La sentenza, anche in questo caso, in un paese, dove la magistratura è diventato l’unico difensore dei diritti dei cittadini tutti, ha fatto chiarezza e giustizia censurando il comportamento discriminatorio ed illegittimo del ministero

Ma in riferimento ai principi costituzionali ed internazionali ha sancito un obbligo da parte della P.A.  dicono i Giudici:

“Ritiene il collegio che la carenza del linguaggio verbale non può essere motivo per ritenere una persona incapace di manifestare la propria volontà né per sostenere che essa non possa in altro modo dimostrare di quanto meno comprendere la lingua italiana.

Infatti, la capacità di Jessica di comprendere la lingua italiana, pur senza sapersi esprimere, può– con le opportune cautele e gli adeguati strumenti – essere valutata, con l’ausilio di personale specializzato, ad esempio rivolgendole semplici ordini e verificando se essi vengono eseguiti, o comunque osservando le sue reazioni alle frasi che si pronunciano in lingua italiana.

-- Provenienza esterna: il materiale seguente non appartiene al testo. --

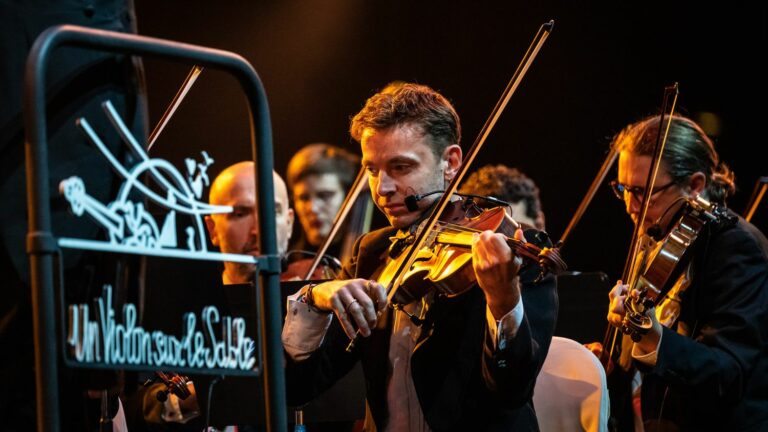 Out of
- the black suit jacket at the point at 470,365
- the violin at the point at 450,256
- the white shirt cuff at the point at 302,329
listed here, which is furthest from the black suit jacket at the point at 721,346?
the white shirt cuff at the point at 302,329

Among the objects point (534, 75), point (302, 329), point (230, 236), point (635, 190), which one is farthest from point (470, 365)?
point (534, 75)

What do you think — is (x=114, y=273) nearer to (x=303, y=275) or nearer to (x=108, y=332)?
(x=108, y=332)

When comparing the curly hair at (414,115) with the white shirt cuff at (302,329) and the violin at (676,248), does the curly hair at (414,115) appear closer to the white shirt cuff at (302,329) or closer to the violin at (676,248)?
the white shirt cuff at (302,329)

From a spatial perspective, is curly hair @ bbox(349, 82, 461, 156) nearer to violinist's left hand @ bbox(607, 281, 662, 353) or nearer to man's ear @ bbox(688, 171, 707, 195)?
violinist's left hand @ bbox(607, 281, 662, 353)

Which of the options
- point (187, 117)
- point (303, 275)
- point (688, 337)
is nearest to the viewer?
point (688, 337)

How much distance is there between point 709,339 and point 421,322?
2.77 feet

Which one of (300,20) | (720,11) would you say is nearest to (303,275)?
(300,20)

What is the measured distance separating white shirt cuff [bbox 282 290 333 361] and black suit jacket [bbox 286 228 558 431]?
0.13 feet

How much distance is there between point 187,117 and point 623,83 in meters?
2.24

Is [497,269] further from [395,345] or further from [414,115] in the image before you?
[414,115]

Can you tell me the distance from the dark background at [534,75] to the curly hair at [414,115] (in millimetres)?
2587

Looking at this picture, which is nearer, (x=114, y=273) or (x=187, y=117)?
(x=114, y=273)

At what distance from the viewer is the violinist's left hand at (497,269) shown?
5.84 ft

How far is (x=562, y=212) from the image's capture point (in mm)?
5012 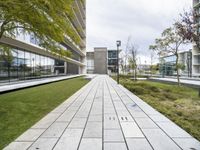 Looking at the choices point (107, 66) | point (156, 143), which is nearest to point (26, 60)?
point (156, 143)

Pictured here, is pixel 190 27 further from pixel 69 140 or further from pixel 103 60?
pixel 103 60

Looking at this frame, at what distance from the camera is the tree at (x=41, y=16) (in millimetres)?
6117

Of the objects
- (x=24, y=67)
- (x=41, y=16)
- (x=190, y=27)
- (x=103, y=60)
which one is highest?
(x=103, y=60)

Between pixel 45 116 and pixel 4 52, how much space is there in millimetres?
4406

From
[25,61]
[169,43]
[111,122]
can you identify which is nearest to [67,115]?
[111,122]

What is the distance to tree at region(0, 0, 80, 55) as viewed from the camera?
6117 mm

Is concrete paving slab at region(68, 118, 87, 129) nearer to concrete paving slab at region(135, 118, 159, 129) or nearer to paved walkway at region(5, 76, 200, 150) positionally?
paved walkway at region(5, 76, 200, 150)

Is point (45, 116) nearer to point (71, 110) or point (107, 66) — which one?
point (71, 110)

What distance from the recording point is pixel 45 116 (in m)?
6.84

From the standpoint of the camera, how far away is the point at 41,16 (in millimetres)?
6590

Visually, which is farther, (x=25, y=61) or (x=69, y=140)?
(x=25, y=61)

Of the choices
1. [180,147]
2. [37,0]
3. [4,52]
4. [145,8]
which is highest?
[145,8]

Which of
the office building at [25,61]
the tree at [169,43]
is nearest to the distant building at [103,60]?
the office building at [25,61]

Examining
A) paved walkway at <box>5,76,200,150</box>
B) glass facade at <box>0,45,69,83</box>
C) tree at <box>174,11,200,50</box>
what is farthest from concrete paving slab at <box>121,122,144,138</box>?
glass facade at <box>0,45,69,83</box> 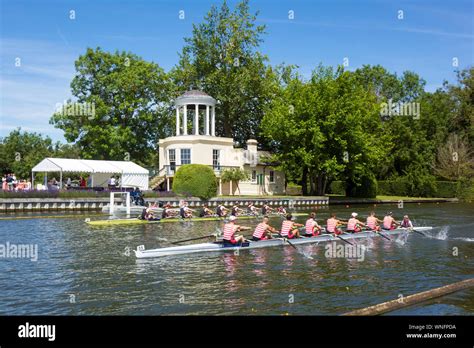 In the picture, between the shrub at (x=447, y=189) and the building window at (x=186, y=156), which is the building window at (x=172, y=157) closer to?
the building window at (x=186, y=156)

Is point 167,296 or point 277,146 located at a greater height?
point 277,146

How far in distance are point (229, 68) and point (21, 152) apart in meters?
43.4

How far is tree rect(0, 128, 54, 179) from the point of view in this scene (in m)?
84.8

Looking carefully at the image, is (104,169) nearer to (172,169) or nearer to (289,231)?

Più arduo è invece certamente il procedimento di accertamento della volontà della disabile di diventare cittadina italiana alla luce delle sue limitazioni espressive e cognitive. Anche in questo caso, tuttavia, prima di giungere alla conclusione della impossibilità per la disabile di manifestare una tale volontà, l’amministrazione avrebbe dovuto valutare in concreto, all’esito di un accertamento approfondito e condotto con l’ausilio di personale specializzato, se una tale impossibilità effettivamente sussista, pur non essendo stata la disabile privata giuridicamente della capacità di agire. Nell’ambito di tali accertamenti potranno, eventualmente, essere presi in esame anche elementi indiziari, quali la permanenza in Italia, la comprensione della lingua e della cultura italiana, lo stile di vita, ecc.

Non risulta, invece, che tale istruttoria sia stata effettuata in quanto l’amministrazione – come si è detto – si è limitata al dato della impossibilità della disabile di sottoscrivere l’istanza e di esprimersi nella lingua italiana.

Letta questa sentenza non posso altro che aggiungere benvenuta tra noi Jessica e grazie per averci dato questa lezione di vita.